Created on 06-10-2016 10:05 AM - edited 09-16-2022 03:24 AM
Is there a reliable way to count things when using Spark? In Hadoop jobs, counters are never "counted" if the job fails partway through, or if speculative execution causes two process to perform the same operation, only the first complete task's counters are aggregated. My undersanding is that Spark's accumulators are not the same, and that both stage failures and speculative execution can lead to double-counting, meaning my counters are not actually reliable. Surely there's a way to get around this?
Created 06-10-2016 11:18 AM
Hi storysj,
Accumulator updates performed within an action will only be counted once while accumulator updates within transforms may be double counted if a retry occurs.
IE this code would gaurantee counts only applied once:
val accum = sc.accumulator(0, "test") sc.parallelize(Array(1, 2, 3, 4)).foreach(x => accum += x if (scala.util.Random.nextInt(2) == 0) throw new RuntimeException("random error") } println(accum.value)
While this could be double counted:
val accum = sc.accumulator(0, "test") sc.parallelize(Array(1, 2, 3, 4)).map(x => accum += x if (scala.util.Random.nextInt(2) == 0) throw new RuntimeException("random error") }.collect() println(accum.value)
Hope this helps,
Jason Hubbard
Created 06-10-2016 11:18 AM
Hi storysj,
Accumulator updates performed within an action will only be counted once while accumulator updates within transforms may be double counted if a retry occurs.
IE this code would gaurantee counts only applied once:
val accum = sc.accumulator(0, "test") sc.parallelize(Array(1, 2, 3, 4)).foreach(x => accum += x if (scala.util.Random.nextInt(2) == 0) throw new RuntimeException("random error") } println(accum.value)
While this could be double counted:
val accum = sc.accumulator(0, "test") sc.parallelize(Array(1, 2, 3, 4)).map(x => accum += x if (scala.util.Random.nextInt(2) == 0) throw new RuntimeException("random error") }.collect() println(accum.value)
Hope this helps,
Jason Hubbard
Created 06-10-2016 01:43 PM
Created 06-11-2016 07:54 AM
Based on the classes, I think you are using the Java API. You can still use the foreach to use the accumulators in a reliable way.
final Accumulator<Integer> failed = sc.accumulator(0); final Accumulator<Integer> fieldCount = sc.accumulator(0); rdd.foreach(new VoidFunction<String>(){ public void call(String line) { if (parseSuccess(line)) { fieldCount.add(1); } else { failed.add(1); }}); fieldCount.value() failed.value()
Another option is to use the reduce function instead of using accumulators.
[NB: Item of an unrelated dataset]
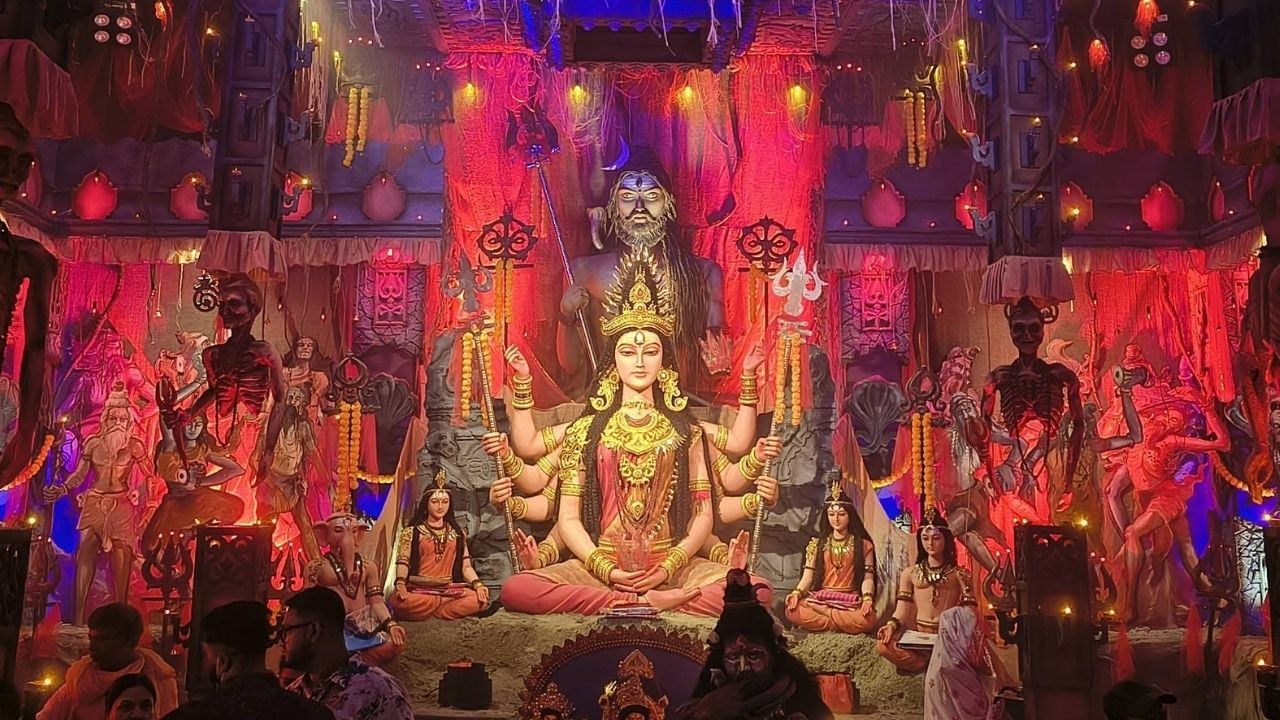 শারদীয় দুর্গোৎসবের মহানবমী আজ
You could parse the xml in a transformation so you still have an RDD of beans to do other transformations and actions, but call the reduce to caclulate the counts you want. In order to calculate records that failed to parse, you can set that record to null or another value to indicate that. If you are concerned about performance, you can cache the RDD so it is efficient or wait to do this calculation in a accumulator when you finally perform your action, not all actions accept functions so this might not be possible.
Hope this helps.
Created 06-13-2016 07:39 AM
Created 06-13-2016 07:45 AM
I think something got lost there -- you can increment accumulators in a transformation. The point above was just that nothing happens until something later invokes an action. The only caveat here is that accumulators may double-count in some failure contexts.
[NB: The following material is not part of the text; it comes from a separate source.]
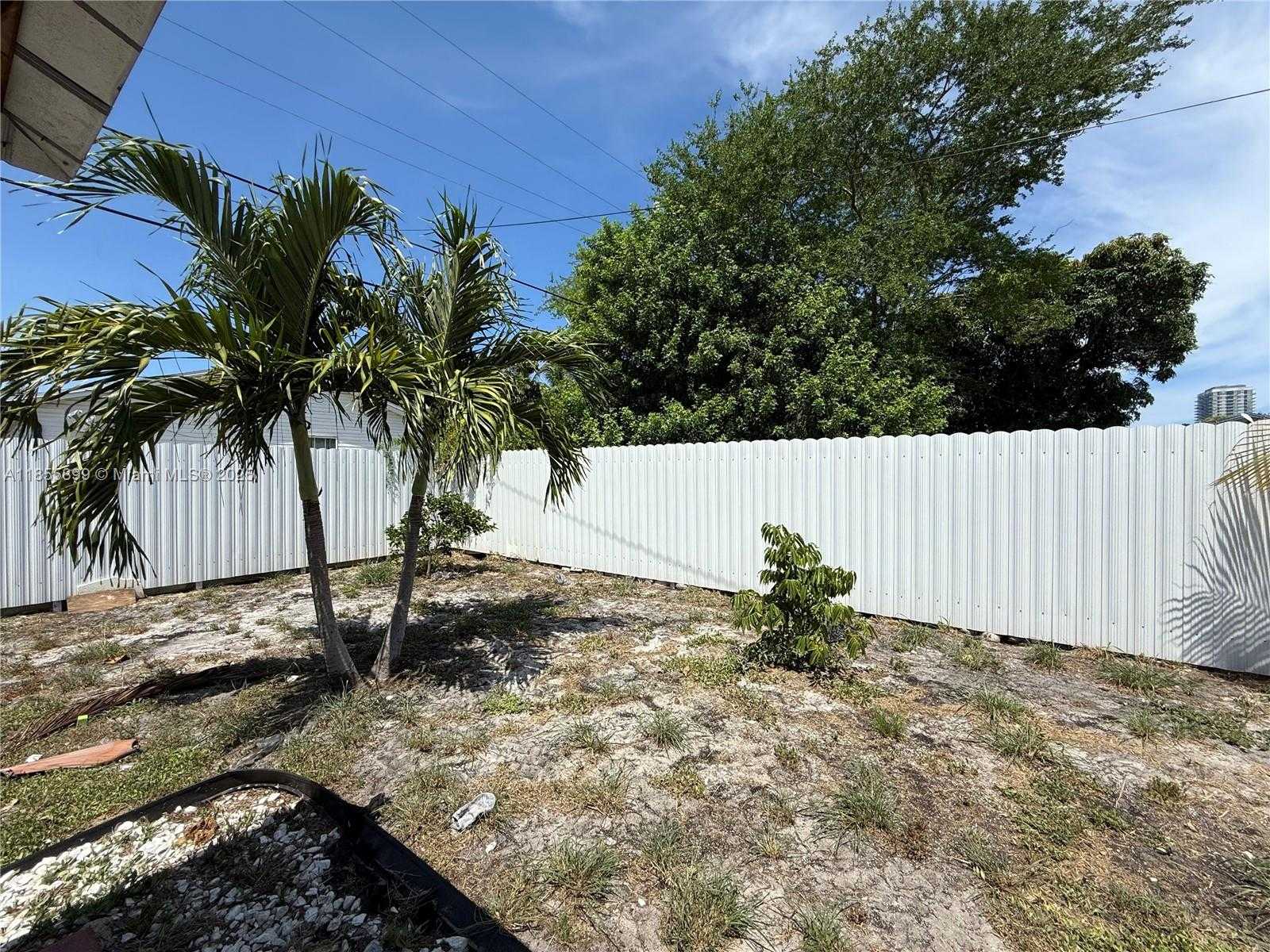Small Image of 733 45TH ST, West Palm Beach Number 20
Or, you can run an action to do this counting with accumulators (reliably), and then also separately do other transformations for whatever purpose you need. It's not like one RDD can only result in one action or transformation. That's the simple, standard answer.
There are other answers still. It's most certianly possible, even easy.
Created 06-13-2016 07:54 AM
So I need the reliable counters. That's a must-have.
You're right, I could do the same process twice, once for the counters (action) and once for the transformation (no counters), but that's not efficient.
Created 06-13-2016 07:58 AM
You can just run the counting on the output of the transformation, which presumably will contain a "null" or something for records that failed to parse. The only thing is that you'll want to persist that data set to avoid recomputing it. That means some extra I/O, but on the upside, does mean it's persisted for all future stages as well.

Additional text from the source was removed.